If those answers are still missing for the current target type, the branch is not done.

Refinement vs Derivation Boundary

Refinement should continue only while a branch remains part of the current tree's original core question.

Use the shared derivation rules in ../design-tree-core/REFERENCE.md as the source of truth.

Stop refining inline when a branch begins to show all of the following:

  • it is answering a second distinct core question
  • it requires repeated local routing decisions of its own
  • it needs its own scope boundary
  • it needs its own completion check
  • continuing inline refinement would make the parent tree harder to route

When those conditions appear:

  • do not keep expanding the branch inline
  • surface the branch as a candidate for derivation
  • hand back to design-orchestrator or design-structure for explicit derived-tree creation

Core Responsibilities

Your responsibilities are:

  1. Walk unresolved design branches one at a time.
  2. Prioritize high-risk, high-dependency, or high-ambiguity branches first.
  3. Expand branches into concrete sub-branches and leaf nodes using the current design_target_type.
  4. Surface hidden assumptions and edge cases.
  5. Add failure-path and validation detail where missing.
  6. Explicitly mark newly discovered decision nodes instead of pretending they are settled.
  7. Resolve [RESEARCH] nodes by performing deep validation of external dependencies (API compatibility, version constraints, integration patterns, error handling, rate limits). Replace [RESEARCH] with when validated, when rejected, or [DECISION] if alternatives need evaluation. If validation cannot be completed in the current context, document what was learned and retain [RESEARCH].

Expected Outputs

Produce or update a design_state that includes:

  • design_target_type
  • refined design_tree branches
  • updated open_branches
  • confirmed_assumptions
  • risks
  • validation
  • updated external_dependencies if any [RESEARCH] nodes were resolved
  • new decision_nodes if discovered

Diagram Conventions

Use character diagrams inside code blocks (no language tag) to visualize component interactions, failure paths, and state transitions.

Sequence Diagrams

Use when a leaf node describes "how it interacts with adjacent parts" and involves 3+ components.

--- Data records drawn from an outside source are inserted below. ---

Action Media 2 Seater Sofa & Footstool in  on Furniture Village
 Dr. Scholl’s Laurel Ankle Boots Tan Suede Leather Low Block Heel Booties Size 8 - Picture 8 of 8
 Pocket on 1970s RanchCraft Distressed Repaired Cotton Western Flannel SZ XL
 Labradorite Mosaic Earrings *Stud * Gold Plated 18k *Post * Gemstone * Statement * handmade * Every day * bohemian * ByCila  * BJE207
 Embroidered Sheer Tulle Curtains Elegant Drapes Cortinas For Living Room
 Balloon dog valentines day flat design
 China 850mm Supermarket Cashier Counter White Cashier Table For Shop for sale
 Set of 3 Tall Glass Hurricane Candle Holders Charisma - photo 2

Client          API Server      Auth Service     DB
  │                │                │             │
  │── request ────→│                │             │
  │                │── verify ────→│             │
  │                │←── ok ────────│             │
  │                │── insert ─────────────────→│
  │←── response ───│                │             │

Rules:

  • Three-column maximum; split into two diagrams if more participants
  • Lifelines use ; messages use ──→ (right) or ←── (left)
  • Labels sit on the arrow line: ── label ──→
  • Participant names ≤20 chars, left-aligned at top
  • Omit ACK returns unless they carry meaningful data

Data Flow Diagrams

Use when showing data pipelines or transformation chains.

Source
Transform ──── enrich ────→ Enrichment
    │                            │
    ▼                            ▼
Sink A                     Cache Store
  • Components as plain text (no brackets)
  • Vertical: and ; horizontal: ──→; return: ◄────

State Machine Diagrams

Use when a component has 3+ states with transitions.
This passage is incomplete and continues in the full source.